Hey folks, I’m working on a (very basic) rendering engine for a game, and have come across a snag. The issue is as follows: I want to make a RenderBuffer that keeps track of every renderable object, and lets each object render itself to the window in turn. However, to keep track of these objects the buffer needs references to them. These references need not be mutable, but this still conflicts with the fact that these objects (such as the Player, Terrain, etc) may have mutable references elsewhere. Is there a better way to take care of rendering, or some kind of workaround? Maybe the RenderBuffer should grab copies of the objects each frame instead of references? (though seems highly inefficient).
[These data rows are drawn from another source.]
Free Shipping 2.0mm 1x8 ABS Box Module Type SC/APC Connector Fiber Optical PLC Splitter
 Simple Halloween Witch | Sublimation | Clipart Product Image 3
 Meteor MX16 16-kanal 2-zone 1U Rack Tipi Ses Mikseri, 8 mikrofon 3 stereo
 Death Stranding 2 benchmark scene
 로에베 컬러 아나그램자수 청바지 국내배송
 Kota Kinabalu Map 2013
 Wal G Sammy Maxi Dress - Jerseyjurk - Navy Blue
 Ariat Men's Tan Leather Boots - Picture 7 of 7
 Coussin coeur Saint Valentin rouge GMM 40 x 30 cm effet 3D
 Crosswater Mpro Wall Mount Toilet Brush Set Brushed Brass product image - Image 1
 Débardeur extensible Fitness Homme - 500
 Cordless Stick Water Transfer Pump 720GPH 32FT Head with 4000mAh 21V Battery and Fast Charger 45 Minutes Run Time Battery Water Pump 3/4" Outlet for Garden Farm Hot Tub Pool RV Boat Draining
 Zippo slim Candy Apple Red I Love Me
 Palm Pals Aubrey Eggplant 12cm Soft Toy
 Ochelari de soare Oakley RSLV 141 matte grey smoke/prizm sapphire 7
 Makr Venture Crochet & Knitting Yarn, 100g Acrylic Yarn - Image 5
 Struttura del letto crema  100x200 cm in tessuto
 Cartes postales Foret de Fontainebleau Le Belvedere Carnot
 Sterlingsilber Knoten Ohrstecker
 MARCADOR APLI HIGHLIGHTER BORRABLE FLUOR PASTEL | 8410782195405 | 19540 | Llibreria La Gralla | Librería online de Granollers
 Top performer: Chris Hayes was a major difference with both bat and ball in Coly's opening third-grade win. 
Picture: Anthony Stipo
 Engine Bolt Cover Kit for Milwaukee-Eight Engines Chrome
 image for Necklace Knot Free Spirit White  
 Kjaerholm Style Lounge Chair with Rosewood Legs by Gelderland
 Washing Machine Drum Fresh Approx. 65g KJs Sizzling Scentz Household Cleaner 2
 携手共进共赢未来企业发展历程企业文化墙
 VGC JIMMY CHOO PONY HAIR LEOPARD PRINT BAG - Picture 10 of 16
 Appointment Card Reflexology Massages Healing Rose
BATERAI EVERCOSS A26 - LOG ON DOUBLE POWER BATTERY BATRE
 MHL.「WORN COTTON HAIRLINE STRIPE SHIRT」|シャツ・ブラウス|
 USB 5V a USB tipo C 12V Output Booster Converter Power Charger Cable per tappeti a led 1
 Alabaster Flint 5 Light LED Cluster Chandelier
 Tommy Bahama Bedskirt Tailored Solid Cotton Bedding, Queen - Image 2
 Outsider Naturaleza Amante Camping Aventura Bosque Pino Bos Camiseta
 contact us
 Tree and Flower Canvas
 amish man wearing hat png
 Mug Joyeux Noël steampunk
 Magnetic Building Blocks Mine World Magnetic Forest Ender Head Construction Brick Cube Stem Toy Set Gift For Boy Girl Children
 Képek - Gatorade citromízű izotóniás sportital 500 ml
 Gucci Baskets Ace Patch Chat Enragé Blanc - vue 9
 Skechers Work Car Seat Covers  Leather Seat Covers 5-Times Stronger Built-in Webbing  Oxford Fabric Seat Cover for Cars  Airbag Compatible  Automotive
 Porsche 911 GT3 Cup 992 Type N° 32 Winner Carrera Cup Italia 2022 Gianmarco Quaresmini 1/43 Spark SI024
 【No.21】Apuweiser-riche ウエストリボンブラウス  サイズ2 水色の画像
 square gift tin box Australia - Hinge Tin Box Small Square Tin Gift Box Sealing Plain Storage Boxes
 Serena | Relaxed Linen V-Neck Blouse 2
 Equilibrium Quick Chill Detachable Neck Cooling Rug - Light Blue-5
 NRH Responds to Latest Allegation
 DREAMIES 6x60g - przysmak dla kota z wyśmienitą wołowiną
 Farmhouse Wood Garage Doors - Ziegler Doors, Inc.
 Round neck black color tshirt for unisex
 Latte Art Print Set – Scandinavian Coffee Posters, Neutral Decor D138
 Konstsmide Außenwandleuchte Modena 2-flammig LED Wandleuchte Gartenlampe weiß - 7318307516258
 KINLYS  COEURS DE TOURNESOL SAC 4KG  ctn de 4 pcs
Don’t share references around. Have a struct that owns both the objects and the systems (RenderBuffer and anything else that uses the objects). Then for each system you take references to the entities as an argument, rather than storing them all the time.
This may seem annoying at first, but it’s great for keeping your architecture modular, and will save a lot of pain in the long term.
A downside of this of course is that you can’t process different systems in parallel, but for most non-AAA games this isn’t much of a problem.
It may be that copying the data is not so bad after all if you have the spare memory.
Suppose you have a rendering thread which draws a frame and a simulation thread which executes game logic for a frame. The simulation thread can run and then copy all of the data that needs to be rendered into a data structure. The render thread can then consume that data structure and render it while the simulation thread is updating the next frame.
That should give you good performance and allow mutability in the simulation thread while maintaining constness in the render thread.